In Wolfe v. Clear Title, LLC, Wolfe, a salaried employee sued her employer, Clear Title, LLC, for violation of the FLSA and sought punitive damages for retaliation that followed her request for overtime pay. Her job duties as Escrow Manager included preparing documents, ordering items needed for closing, working with lenders for payoffs, working with title insurance companies, and dealing with clients. Although her job title included the word "manager," Wolfe did not supervise other employees. Clear Title sought to paint her job description as falling under the administrative exception of FLSA. Wolfe argued that she did not meet this exception because her position did not require her to use discretion and independent judgment.  Instead, Wolfe's duties required her to follow pre-set procedures. Because there were issues of fact, mainly conflicting affidavits, the district court denied Clear Title's motion for summary judgment.

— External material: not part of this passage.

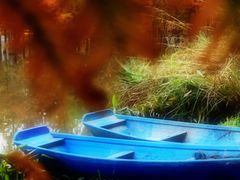 -白鹭湾湿地公园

Shifting its focus to the issue of whether punitive damages are available under the FLSA, the court noted that the circuit courts are split. To make matters more difficult, the district courts within the Eighth Circuit are split as well. Some courts find that punitive damages are available for employees who claim retaliation, while the other courts do not. Now, the Eastern District of Arkansas finds that punitive damages are available for an FLSA retaliation claim. So, in case you needed another reason to make a more conservative choice regarding FLSA in Arkansas, the Eastern District has just painted a clear picture for you.